Pastoral Popularity
Early in my ministry, I attended Covenant ministerial meetings at Park Avenue Covenant church in Minneapolis. I liked them because they gave novices like me the chance to be around the bellwethers of the Covenant as well as to compare notes with my peers.
It is always a mystery to me why we remember certain episodes and forget most of the others. At one of the first meetings we had the privilege of the presence of two of our more legendary men. J. J. Daniels, long retired, sitting in an overstuffed chair, spoke up, saying with considerable glee: "Gentleman, I am the oldest pastor here." To which, K. E. Peterson, himself touching the ninety mark, cleared his throat as he was wont to do, and said: "But when you are dead and gone, I will be the oldest one here!" We belly laughed at this retort! In another circle, perhaps, this could be taken as a put down. But these were two earthy saints with a robust friendship who were having fun with each other. I’d call off the business for the day to celebrate that! Such repartee, it seems to me, is very rare at ministers’ meetings now. If this was the case for noted Biblical Scholar, William Barclay, no wonder he confessed to hating ministerial meetings!
On another Monday gathering at the same church, we were sitting as dutiful servants of the faith when our pious equilibrium was upset again. One of the brethren, some ten years or so my senior, stood up to share his disappointment with church bake sales, rummage sales, bazaars, and the like as ways of raising money for new carpet or the church budget. He felt strongly that the stewardship of the church would be better served by direct giving, especially tithing. He had a point, I had wondered about that myself. Just then the outstanding, legendary preacher, the Rev. Gustaf F. Johnson, stood up, paused and shouted in stentorian tones: "Leave the women alone!" All of a sudden all our clerical shackles fell to the ground, and we whooped it up with laughter, implicitly thanking God for fresh air! That alone made me an admirer of this manly Texan.

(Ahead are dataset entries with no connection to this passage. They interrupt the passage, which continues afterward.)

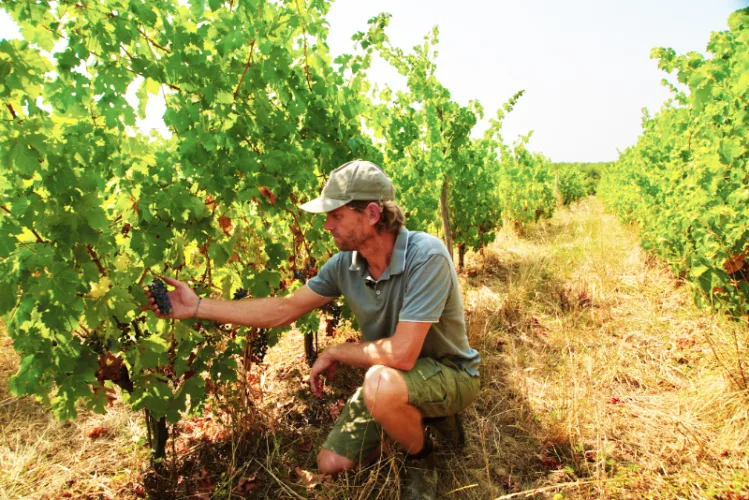 Wildfires near  Bordeaux bring  more troubles  to wine industry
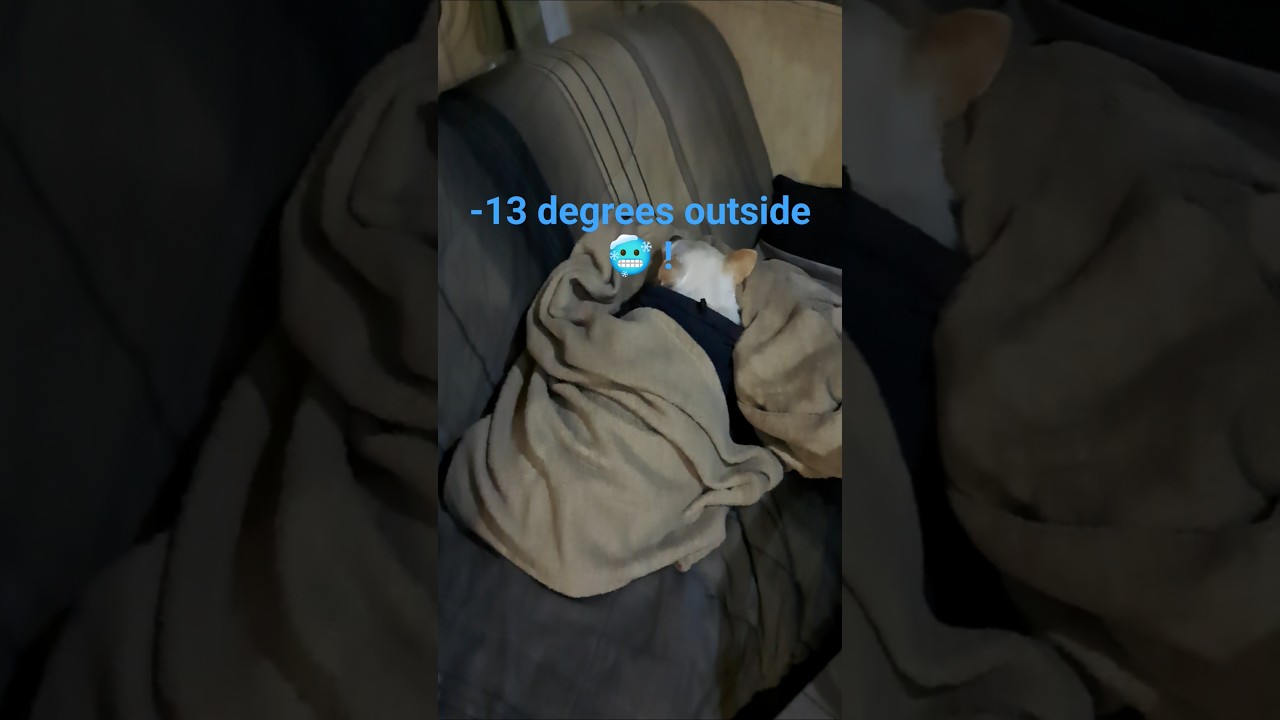 Rv-living offgrid: [Bitter Cold-13🥶!!] 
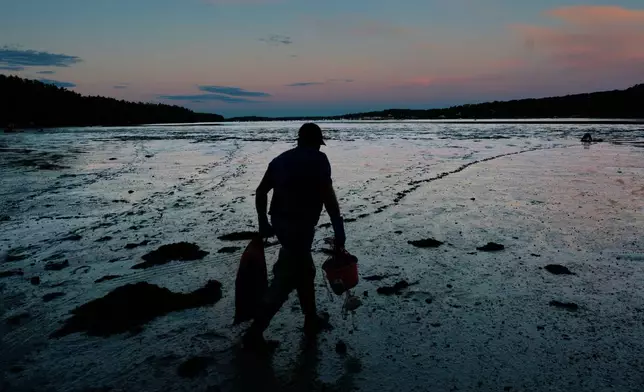 Clam digger Chad Coffin heads out onto a mudflat at low tide on the Harraseeket River, Tuesday, June 16, 2026, in Freeport, Maine. (AP Photo/Robert F. Bukaty)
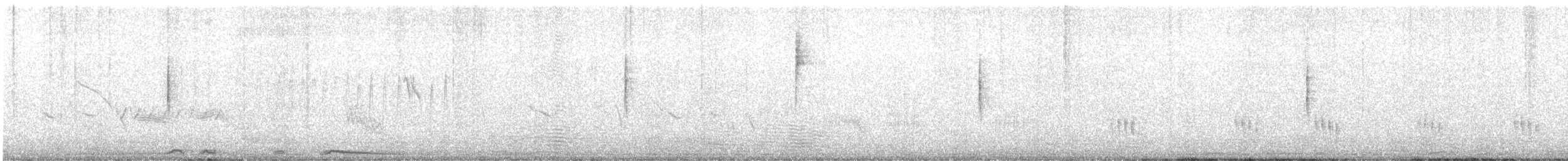 MacGillivray's Warbler - ML636731254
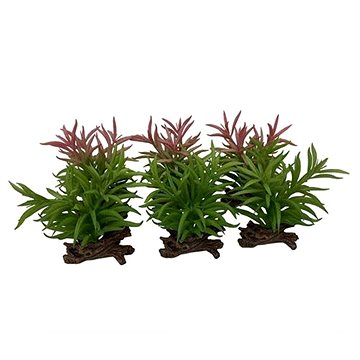 

Ebi Terra Della Rostlina umělá Crassula mix barev 16 cm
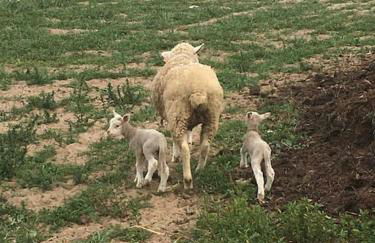 Modern Farmhouse AYO South of Melides - Foto 33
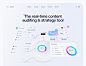 AI Web dashboard : The real-time content auditing & strategy tool. 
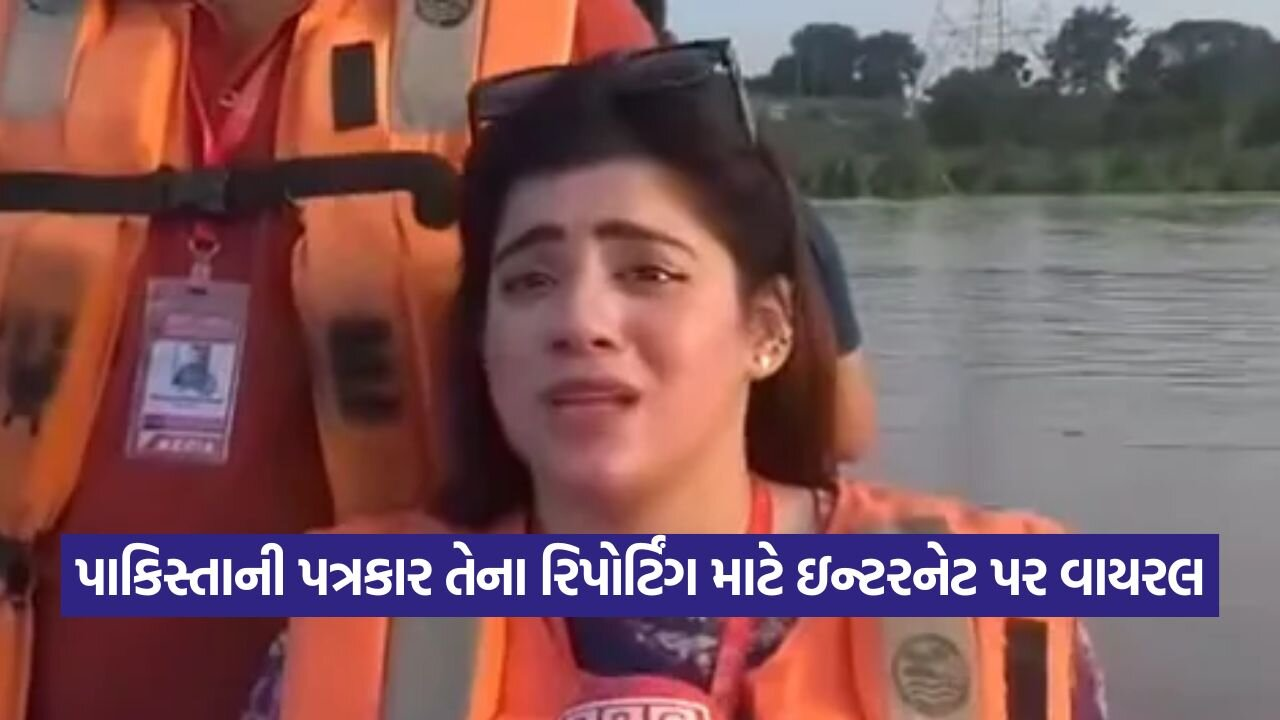 reporter 2908.jpg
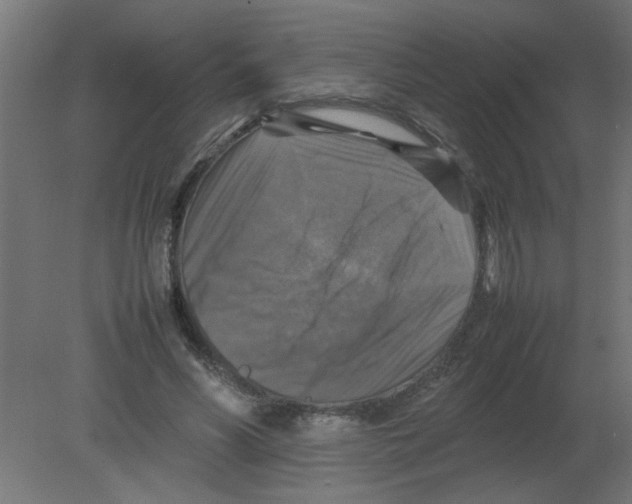 X0000080750590200701122005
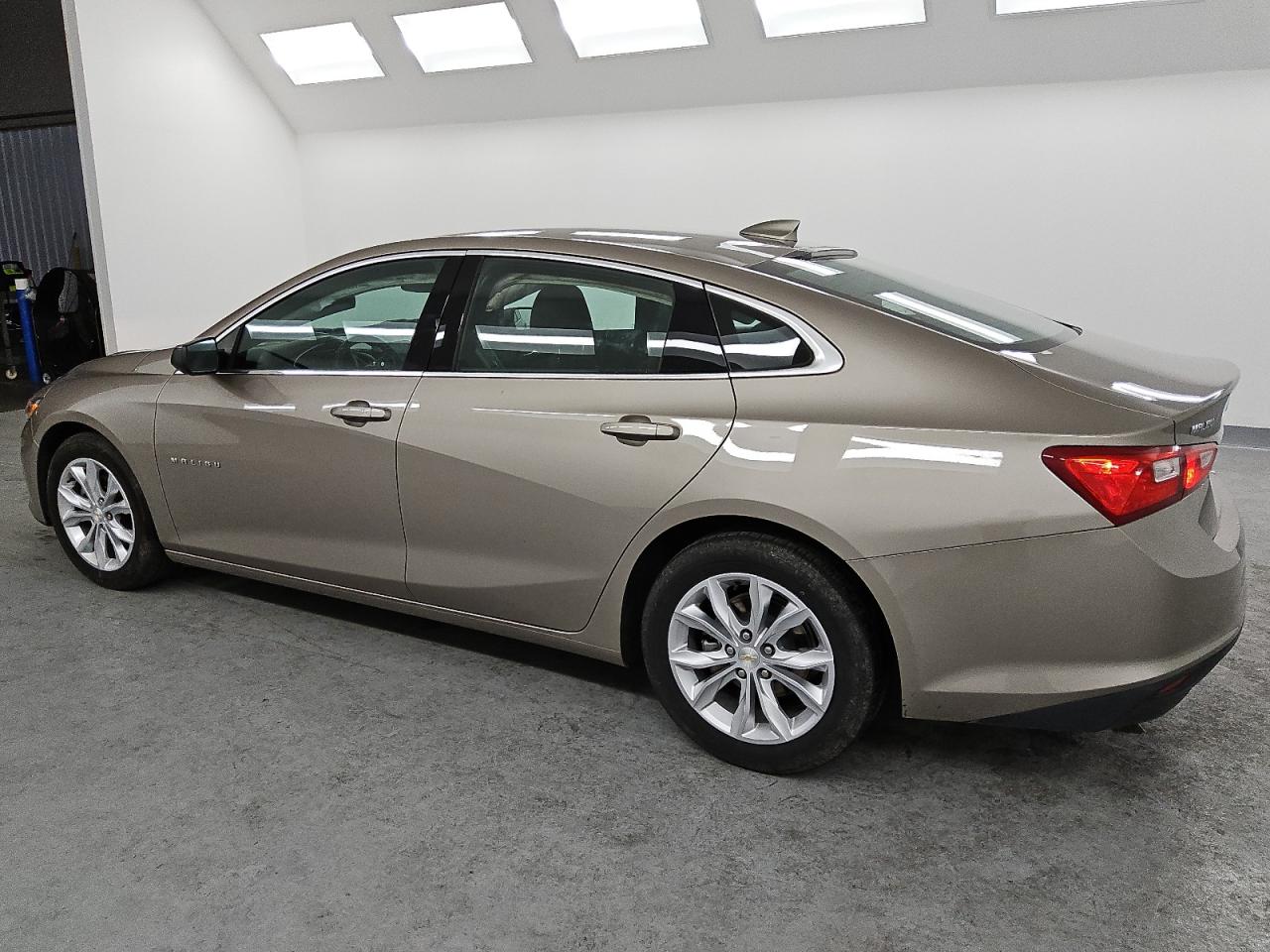 2023 CHEVROLET MALIBU LT VIN:1G1ZD5ST7PF247306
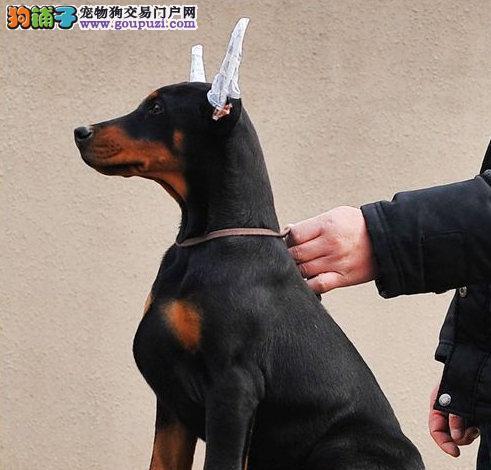 如何照顾迷你杜宾犬（详细指南帮助您成为优秀的犬主人）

Every now and then I remind myself of these two episodes, and realize what I now miss. A nostalgic wish? No, I don’t think so. We are so busy being churchmen or churchwomen that we don’t have the kairos time to be human. We are apparently more serious now. We have set goals that must be accomplished. We have engaged ourselves with developing programs designed to reach more people spiritually. We have a self-image to protect. We distrust the reality of who we are and where we live.
The late Carl Charn dared to be an individual. In a conference sermon he parodied the anxious search by churches for pastors who, in his words, were "good looking and popular." And in a flight of his inimitable oratory, he asked: "And what do I think of popularity? Puke on popularity!"
This rugged speech belongs in our Covenant. Laughing robustly, taking God seriously but not ourselves, being human with each other while trusting in grace, pulling one another into fellowship no matter where we are on the totem pole, and being free to engage each other in sprightly polemic where we may be poles apart is the Covenant. Because we trust each other in a healthy unity, it is the company of the blessed.